Rogue Agents and the Receipt Problem

Why every autonomous agent action needs a tamper-evident trail.

The setup — agents are leaving the sandbox

A year ago, “agent” mostly meant a chatbot with a system prompt. Now agents call APIs, query databases, sign documents, file appeals, draft legal language, route customer data, and increasingly take financial action. The blast radius keeps growing. The accountability layer hasn’t kept up.

When an agent does the wrong thing, three questions get asked at once: what did it do, when did it do it, and who can prove that’s actually what happened? The current answer in most stacks is “check the logs.” That answer no longer holds.

What “rogue” actually means

Three failure modes are worth naming separately, because they’re often collapsed into one.

Drift. The agent did the right thing yesterday. Today, the prompt got tweaked, the model rolled forward, or a new tool joined its toolbelt. The output looks the same — until it doesn’t. Drift is silent until it isn’t, and by the time it’s noticed, the question is what changed when, and who saw the change.

Hallucination at the action layer. Most discussion of LLM hallucination is about wrong text. The harder problem is wrong action — the agent calls the right API but with the wrong recipient, the wrong dollar amount, the wrong document attached. Text-layer hallucination is embarrassing. Action-layer hallucination is expensive and sometimes illegal.

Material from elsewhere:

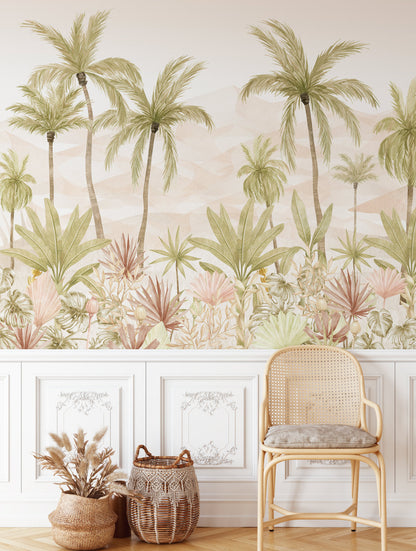 Tropical Palm Paradise Wallpaper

Repudiation. The agent took an action. Six months later — under audit, in litigation, during a regulator’s inquiry — no one can prove what it did, when, on whose authority, against what input. The operator’s logs are server-side and mutable. The vendor’s logs are gone after retention windows expire. The counterparty has its own version of events. Whose record do you trust?

Each failure mode has the same root cause: the actions left no receipt anyone outside the operator can verify.

The receipt problem

Logs are not receipts.

A log is operator-controlled, server-side, and mutable. It’s a record the operator chose to keep, in the format the operator chose, on infrastructure the operator controls. A regulator, an auditor, a counterparty, or a court has no way to know it wasn’t edited last Tuesday. In most cases, they have no way to know it existed in its current form before the moment they asked for it.

This isn’t a paranoid framing. It’s the standard skepticism applied to any record produced and held by the party that benefits from it. Banks figured this out two centuries ago and built independent ledgers. Court systems figured it out and built clerks of court. Healthcare figured it out and built audit-trail standards.

Agentic systems haven’t figured it out yet. Most operators are still in the “trust our logs” phase. That phase ends the first time a regulated agent gets challenged and the operator can’t produce a record that survives third-party scrutiny.

Knox — what was built and why

Knox is a cryptographic anchoring substrate for agent actions.

When an agent does something — calls a tool, processes a document, makes a decision, updates a record — Knox hashes the event and links it into a hash-chain. The chain’s tip is anchored, on a schedule, to the Bitcoin blockchain via OpenTimestamps. The anchor is a public, third-party-verifiable record that the chain existed in its current state at a specific block height, witnessed by the entire Bitcoin network.

A few things follow from that.

The operator can’t rewrite history without breaking math the world can check. Any change to a past event breaks the hash-chain. Any attempt to backfill an event after the fact breaks the Bitcoin anchor. Verification doesn’t depend on trusting Bonis.
Receipts are portable. Anyone — auditor, regulator, counterparty, court — can take a Knox anchor and verify it independently using the OpenTimestamps protocol and a Bitcoin node. No Bonis API call required to confirm.
The same primitive runs across surfaces. Marketplace activity, healthcare appeal evidence, multi-vendor legal cross-validation receipts, deal-event provenance — one ledger, multiple verticals, same verification math.

Bonis Systems also shipped a CLI — bonis-attest inspect-anchors — so anyone can parse and verify Knox-anchored events from the command line without a Bonis server in the loop. The OpenTimestamps tree parsing is pure Swift; the RIPEMD-160 implementation hits canonical RFC 2286 known-answer vectors, including the one-million-a test. The verification path doesn’t depend on Bonis being online, or even existing.

That’s the point. A receipt that requires the issuer to vouch for it isn’t a receipt. It’s a promise.

The bar going forward

If your agent can take an action that matters, it should leave a record that survives the agent, the operator, and the platform.

That’s the bar. Knox is one answer. The bar is the more important thing.

It applies whether you’re regulated or not. It applies whether you’re using a frontier model or a local one. It applies whether your agent is calling a payments API or just deciding which document to surface to a human. The question is the same: when something goes sideways — and at scale, something always does — can you prove what happened, in a form a skeptical third party will accept?

If the answer is “we’ll check the logs,” the answer is no.

Bonis built Knox because that answer needed to change. The receipt problem is the problem. Tamper-evident, third-party-verifiable, vendor-agnostic anchoring is the shape of the answer.

The agents aren’t going to slow down. The accountability layer needs to catch up.